Mi-avril, le leader mondial LVMH a fait état pour son premier trimestre 2024 d’une hausse de son chiffre d’affaires limitée à 3%, sous l’effet, entre autres, « d’une normalisation » de la consommation chinoise. Un mois plus tôt, son challenger Kering a jeté un pavé dans la mare en avertissant que la faiblesse de la demande dans le pays allait faire plier de 20% les ventes de sa vitrine Gucci. Depuis, d’autres acteurs (Salvatore Ferragamo, Burberry…) ont confirmé avoir souffert en Chine.

« Cela fait des décennies que les ventes de produits de luxe sont très liées au sentiment de bien-être des consommateurs, rappelle Johann Rupert, le président de Compagnie financière Richemont.
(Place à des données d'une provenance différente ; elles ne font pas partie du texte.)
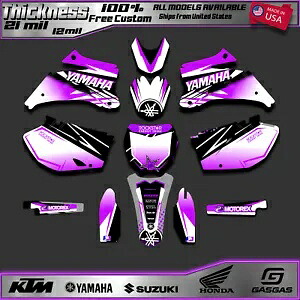 ヤマハ YZF 250/450 カスタム バイオレット グラフィックス キット - Rockstar Design Yamaha YZF 250/450 Custom Violet Graphics Kit - Rockstar Design 【並行輸入品】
Or il y a deux ans j’avais expliqué – et cela m’avait d’ailleurs rendu très impopulaire auprès de nos concurrents qui avaient vu leur cours de Bourse plonger de 15% – qu’il faudrait plus longtemps pour que ce sentiment feel good revienne en Chine. Nous avions aussi dit qu’il ne fallait pas se précipiter en pensant que le consommateur chinois allait revenir tout de suite. Et cela s’est avéré être le cas, car le confinement a laissé un gros impact et les Chinois sont encore en train de se remettre. »
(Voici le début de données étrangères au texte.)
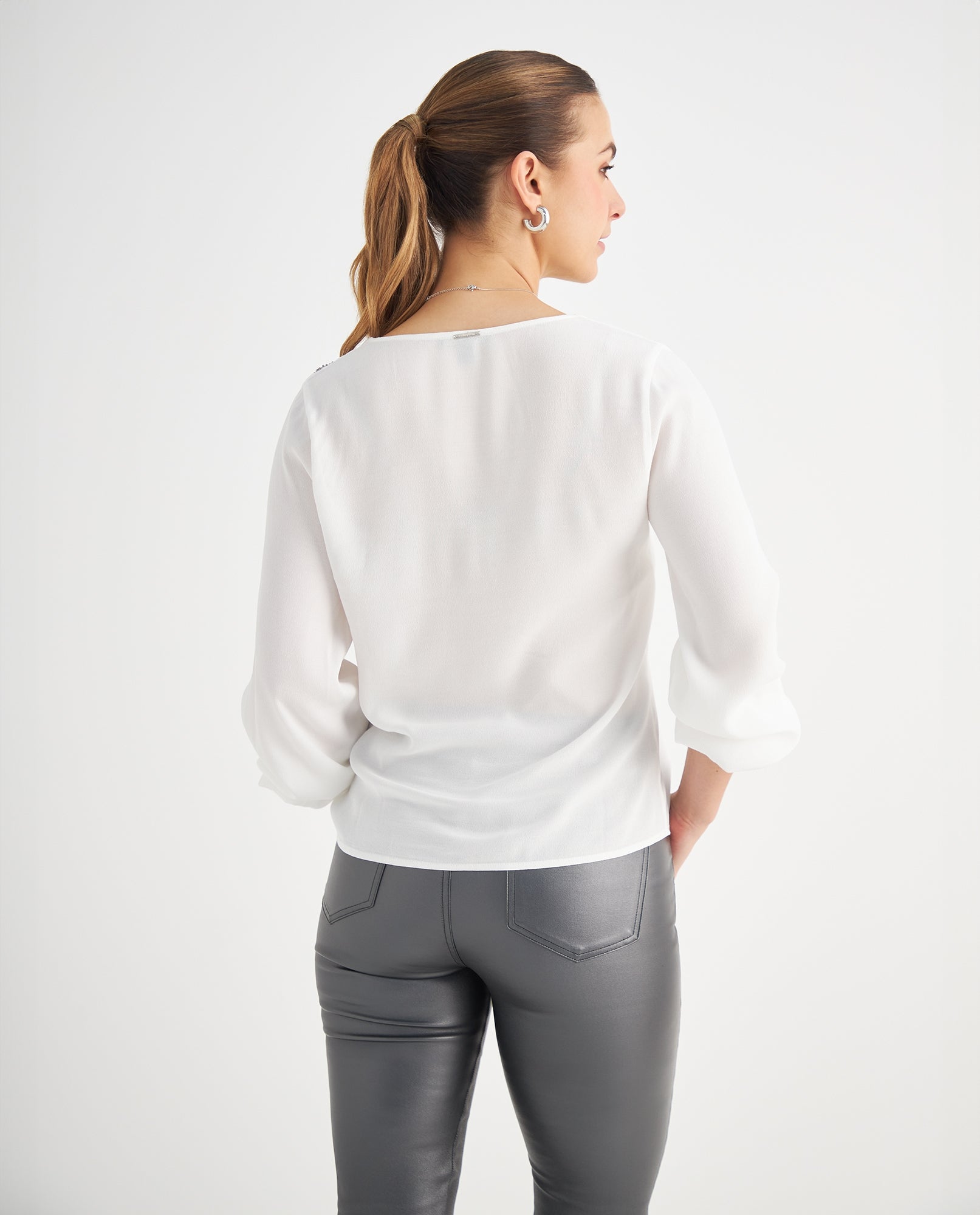 Camisa manga larga para mujer - Crudo 34_419F016_CRU110602_4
Peu connu pour ses excès d’optimisme dans ses commentaires sur le marché, le dirigeant ne remet toutefois pas en cause le potentiel de moyen terme de l’empire du Milieu. Avec 1,4 milliard d’habitants et l’émergence d’une classe moyenne, celui-ci offre nombre d’opportunités, selon le milliardaire sud-africain.

« À moyen terme, je crois totalement dans la Chine, martèle-t-il. Le consommateur chinois est intelligent. Il étudie et il travaille. Et je ne pense pas que son envie de consommer du luxe s’arrêtera. D’ailleurs, si l’on raisonne en termes purement économiques, le nombre d’habitants en Chine continentale est énorme, avec beaucoup de gens qui travaillent très dur et qui ont réussi. Il n’y a aucune raison de croire que lorsque le sentiment de bien-être reviendra en Chine, cela ne se voit pas dans les chiffres. »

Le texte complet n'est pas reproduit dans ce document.